Bij al deze beschikkingen moeten de betrokken instanties worden betrokken Lees meer hierover op onze webpagina's over het bevoegd gezag omgevingsvergunning.
Inwerkingtreding
Al deze beschikkingen treden in werking vanaf de dag waarop de termijn van 6 weken voor het indienen van bezwaar afloopt (artikel 20.3 Wm jo. artikel 6:7 Awb)
Is tijdens de termijn van 6 weken een bezwaarschrift ingediend? En is binnen die termijn een voorlopige voorziening aangevraagd bij de voorzitter van de afdeling Bestuursrechtspraak van de Raad van State? Dan is de inwerkingtreding later:
- Als de voorzitter het besluit schorst, dan treedt het niet in werking totdat in de bodemprocedure is geoordeeld.
- Schorst de voorzitter het besluit niet, dan treedt het besluit in werking maar kan het in de bodemprocedure alsnog worden vernietigd.
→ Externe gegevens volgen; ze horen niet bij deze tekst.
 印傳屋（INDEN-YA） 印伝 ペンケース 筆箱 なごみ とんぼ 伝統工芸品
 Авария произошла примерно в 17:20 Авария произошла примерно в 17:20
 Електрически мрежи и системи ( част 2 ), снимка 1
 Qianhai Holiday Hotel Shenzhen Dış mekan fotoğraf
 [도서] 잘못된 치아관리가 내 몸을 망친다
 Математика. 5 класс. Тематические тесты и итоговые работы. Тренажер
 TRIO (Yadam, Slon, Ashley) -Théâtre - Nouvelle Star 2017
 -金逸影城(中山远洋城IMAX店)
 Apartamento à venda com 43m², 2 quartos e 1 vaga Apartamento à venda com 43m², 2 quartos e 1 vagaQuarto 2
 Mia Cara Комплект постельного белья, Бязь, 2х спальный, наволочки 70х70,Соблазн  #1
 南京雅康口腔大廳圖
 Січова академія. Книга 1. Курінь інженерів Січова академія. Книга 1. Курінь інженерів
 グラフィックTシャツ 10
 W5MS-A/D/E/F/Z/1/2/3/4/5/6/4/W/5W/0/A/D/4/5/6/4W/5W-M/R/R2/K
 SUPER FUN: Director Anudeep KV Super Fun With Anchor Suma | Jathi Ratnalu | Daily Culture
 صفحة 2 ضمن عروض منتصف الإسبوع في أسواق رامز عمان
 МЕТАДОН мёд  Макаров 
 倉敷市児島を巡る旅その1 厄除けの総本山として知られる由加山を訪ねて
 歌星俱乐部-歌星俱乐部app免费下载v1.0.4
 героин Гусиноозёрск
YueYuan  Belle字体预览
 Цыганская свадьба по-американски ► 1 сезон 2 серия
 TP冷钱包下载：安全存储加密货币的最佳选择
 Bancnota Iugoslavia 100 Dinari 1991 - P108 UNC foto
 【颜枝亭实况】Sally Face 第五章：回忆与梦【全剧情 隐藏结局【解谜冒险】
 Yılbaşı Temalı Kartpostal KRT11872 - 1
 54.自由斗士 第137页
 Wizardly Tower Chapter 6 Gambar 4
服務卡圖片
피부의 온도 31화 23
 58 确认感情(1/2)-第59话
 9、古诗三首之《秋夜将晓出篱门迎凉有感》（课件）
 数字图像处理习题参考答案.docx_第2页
NB: het bevoegd gezag kan bepalen dat het besluit direct in werking treedt als het dat nodig vindt (artikel 20.5 Wm).
Veroorzaker
Artikel 17.6, lid 1 Wm:
Wet milieubeheer: titel 17.2 richt zich tot degene die de activiteit verricht:
- de natuurlijke persoon of de privaatrechtelijke of publiekrechtelijke rechtspersoon die de activiteit verricht of heeft verricht, regelt of heeft geregeld, of
- aan wie een doorslaggevende economische zeggenschap over het technisch functioneren van de activiteit is overgedragen, met inbegrip van de houder van een vergunning of
- toelating voor het verrichten van de activiteit en de persoon die de activiteit laat of heeft laten registreren of er kennisgeving van doet of heeft gedaan
Degene die de activiteit verricht kan dus 2 hoedanigheden hebben:
- Het kan degene zijn die vergunning of een andere toestemming (bijvoorbeeld door een ontheffing of een melding) heeft om de activiteit te verrichten.
- Het kan degene zijn die zodanige zeggenschap heeft over de bedrijfsactiviteiten dat het in zijn macht ligt om de schadeveroorzakende activiteit te beëindigen.
Aansprakelijkheid
Bij schade door activiteiten die onder bijlage III van de Richtlijn milieuaansprakelijkheid(verwijst naar een andere website) vallen is deze persoon dus aansprakelijk, of hij nu schuld heeft of niet. Bij schade door andere activiteiten moet er sprake zijn van schuld of nalatigheid. Als er in een gegeven situatie daarvan sprake is bij één van deze mogelijke actoren, dan is aan de voorwaarde voldaan. Het gevolg hiervan is dat deze persoon is aan te merken als 'degene die de activiteit verricht' en daarmee aansprakelijk.